Taubman College researcher Xiaofan Liang and colleagues have created an innovative new model to identify neglected and abandoned urban properties, which could ultimately help city officials protect and support growth within their communities.
Addressing strategies for managing vacant properties is important for maintaining healthy communities, but the process of identifying these properties can be difficult. Many cities identify neglected structures and land by visually identifying and recording these properties or by relying on residents’ calls to a civic hotline to report problems with properties in their neighborhoods. Other cities use a machine learning model, but reports of this strategy emphasize the technology itself rather than the combination of human input, technology, and data.

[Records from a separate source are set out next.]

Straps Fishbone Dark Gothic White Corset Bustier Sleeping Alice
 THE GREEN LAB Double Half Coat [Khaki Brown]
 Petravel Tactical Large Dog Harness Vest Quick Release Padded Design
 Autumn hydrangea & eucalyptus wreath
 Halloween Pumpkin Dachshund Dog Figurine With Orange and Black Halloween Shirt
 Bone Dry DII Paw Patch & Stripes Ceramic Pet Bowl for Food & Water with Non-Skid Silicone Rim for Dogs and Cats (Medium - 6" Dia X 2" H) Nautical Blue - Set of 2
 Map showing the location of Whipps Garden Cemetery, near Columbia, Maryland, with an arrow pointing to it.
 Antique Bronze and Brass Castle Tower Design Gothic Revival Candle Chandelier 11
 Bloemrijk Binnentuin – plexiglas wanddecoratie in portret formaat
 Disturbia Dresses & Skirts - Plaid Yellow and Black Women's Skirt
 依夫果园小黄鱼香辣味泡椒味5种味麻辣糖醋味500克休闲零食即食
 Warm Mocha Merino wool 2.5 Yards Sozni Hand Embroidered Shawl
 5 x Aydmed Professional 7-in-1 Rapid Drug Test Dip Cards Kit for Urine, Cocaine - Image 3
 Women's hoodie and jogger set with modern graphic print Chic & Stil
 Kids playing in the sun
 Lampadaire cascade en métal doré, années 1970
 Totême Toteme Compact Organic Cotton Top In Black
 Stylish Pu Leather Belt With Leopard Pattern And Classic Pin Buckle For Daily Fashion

Partnering with the city of Savannah, Georgia, the research team designed a model that integrated human expertise into a machine-learning model that more reliably identified vacant and abandoned properties in Savannah. Their findings are published in the Journal of Planning Education and Research.
“By using a collaborative technique that engages experts while using large datasets and statistical analysis, we not only improve the local government’s ability to identify vacant and abandoned properties but also help the experts reflect on their approaches and where human discretions should remain,” said Liang, lead author and assistant professor of urban and regional planning. “The result is a more reliable method for managing assets in a municipal setting.”
Liang’s co-authors were Brian Brainerd and Tara Hicks from Savannah’s Housing and Neighborhood Services Department and Clio Andris from the Georgia Institute of Technology.
Savannah, a historic city with a population of nearly 150,000, has a growing number of deteriorating or neglected residential properties. In 2019, 1,319 properties had code violations that indicated severe physical deterioration and 1,404 properties had at least three years of tax delinquent history.